Leave out all images and set down the records exactly as given.
#### STUDY MATERIAL
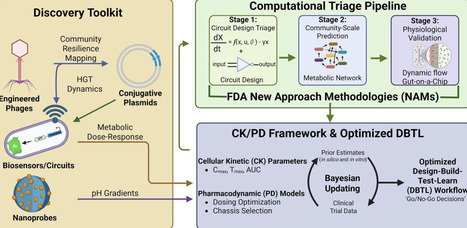 Systems engineering of engineered live biotherapeutics: A discovery-to-translation framework for streamlining microbiome therapeutic development | RMH | Scoop.it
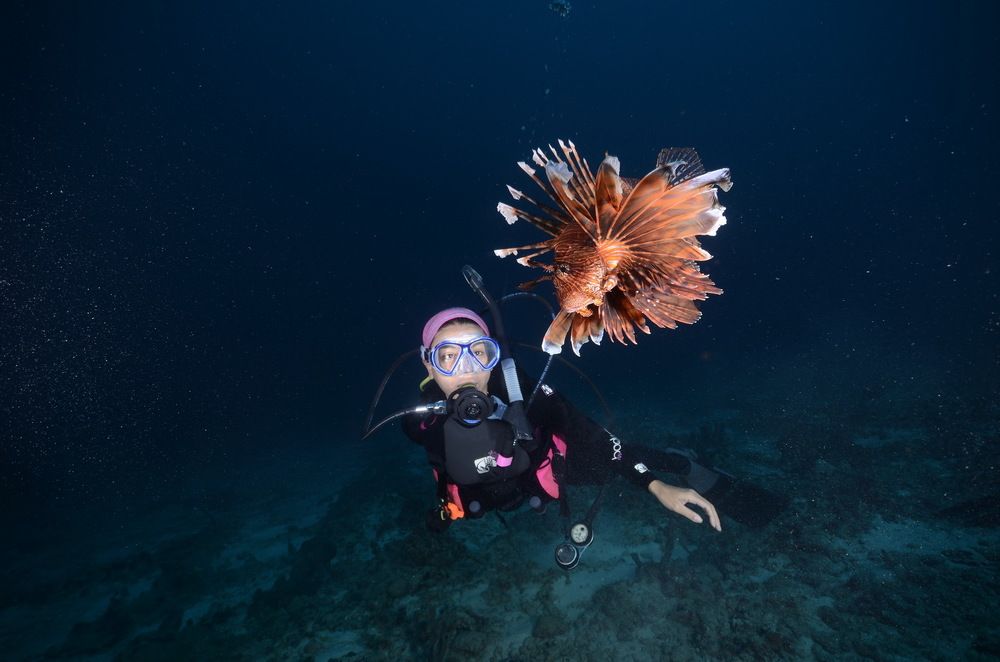 Photograph by enrique alpeñes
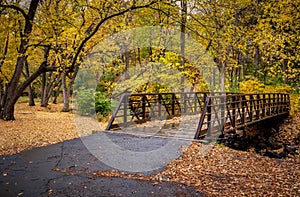 Walking Bridge Over Nine Mile Creek in Autumn photo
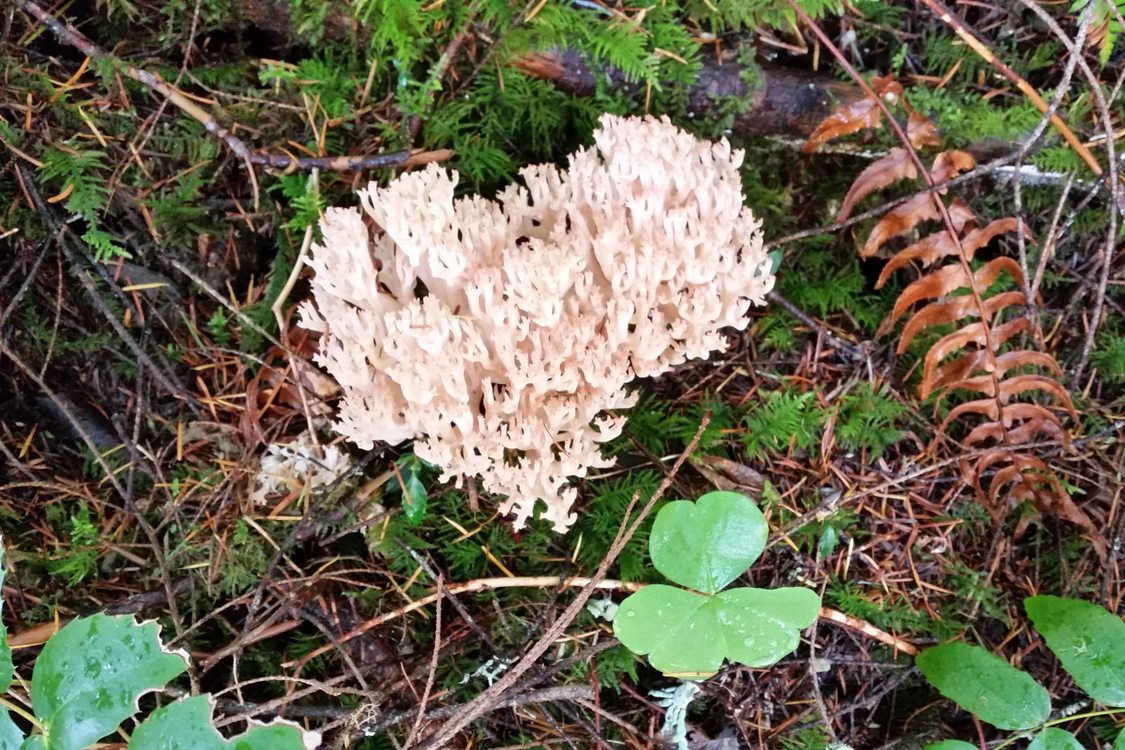 A coral mushroom is surrounded by moss, pine needles, and vegetation.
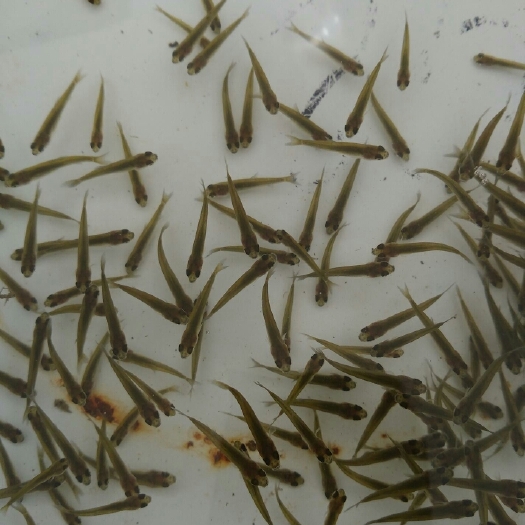 批发草鱼苗，草鱼夏花，草鱼水花，乌子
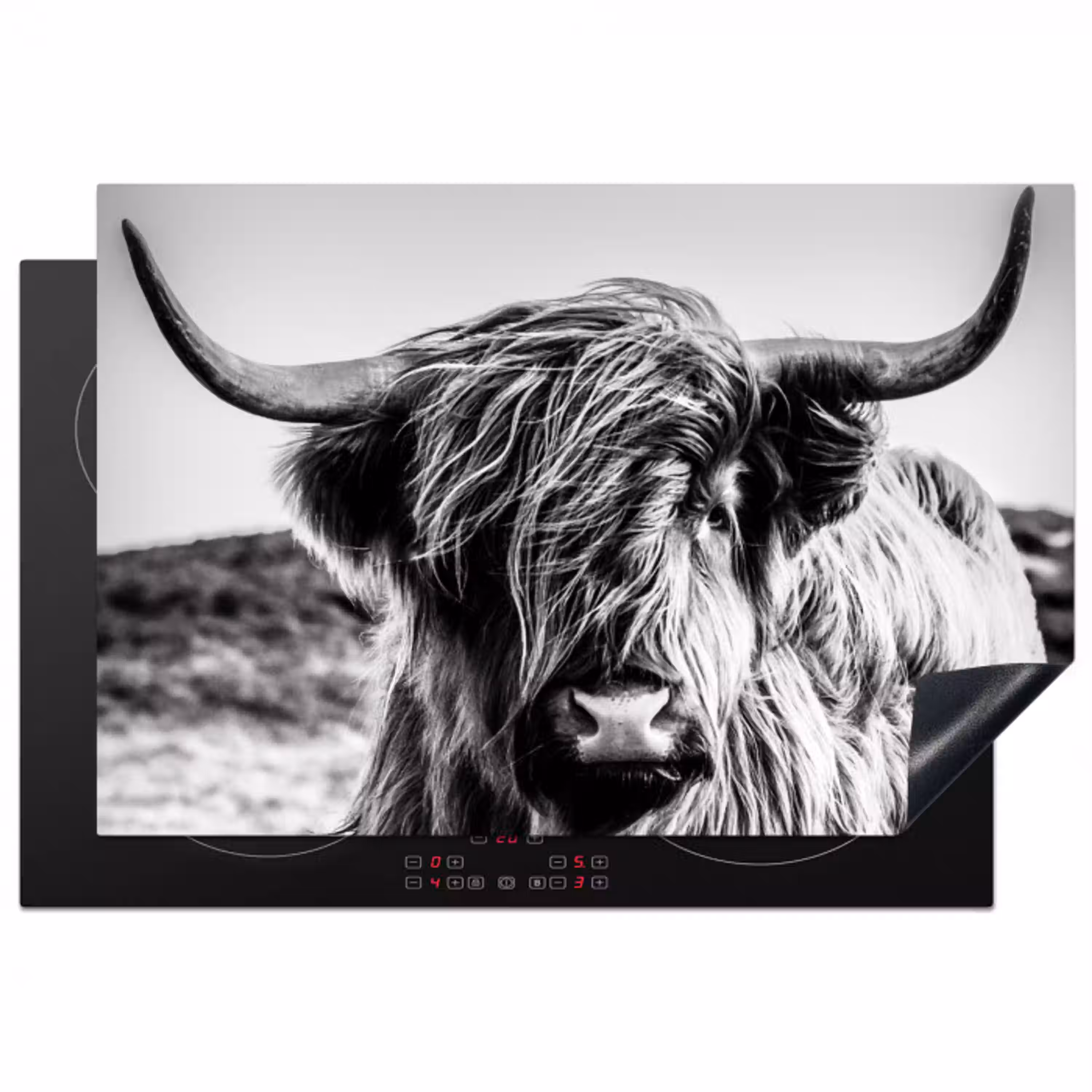 Koe - Schotse hooglander - Zwart - Wit - Dier - Natuur - Wild Inductie beschermer vinyl 3mm klein -3d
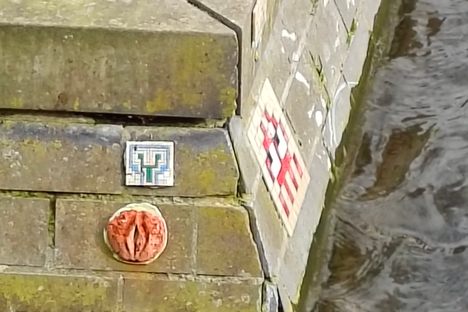 The Canal Vulva (Kutkunst)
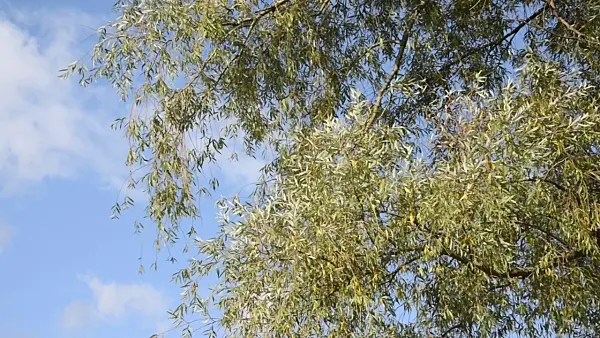 501019 - White willow (Salix alba)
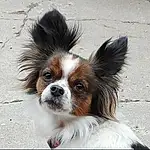 Dog, Dog breed, Carnivore, Papillon, Liver, Companion dog, Fawn, Whiskers, Toy Dog, Snout, Terrestrial Animal, Working Animal, Furry friends, Canidae, Road Surface, Dog Supply, Puppy, Non-sporting Group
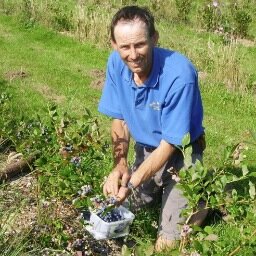 Growing and supplying organic fresh blueberries in the south of England. Local to the Horsham area.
########
» SOLUTION
 Systems engineering of engineered live biotherapeutics: A discovery-to-translation framework for streamlining microbiome therapeutic development | RMH | Scoop.it
 Photograph by enrique alpeñes
 Walking Bridge Over Nine Mile Creek in Autumn photo
 A coral mushroom is surrounded by moss, pine needles, and vegetation.
 批发草鱼苗，草鱼夏花，草鱼水花，乌子
 Koe - Schotse hooglander - Zwart - Wit - Dier - Natuur - Wild Inductie beschermer vinyl 3mm klein -3d
 The Canal Vulva (Kutkunst)
 501019 - White willow (Salix alba)
 Dog, Dog breed, Carnivore, Papillon, Liver, Companion dog, Fawn, Whiskers, Toy Dog, Snout, Terrestrial Animal, Working Animal, Furry friends, Canidae, Road Surface, Dog Supply, Puppy, Non-sporting Group
 Growing and supplying organic fresh blueberries in the south of England. Local to the Horsham area.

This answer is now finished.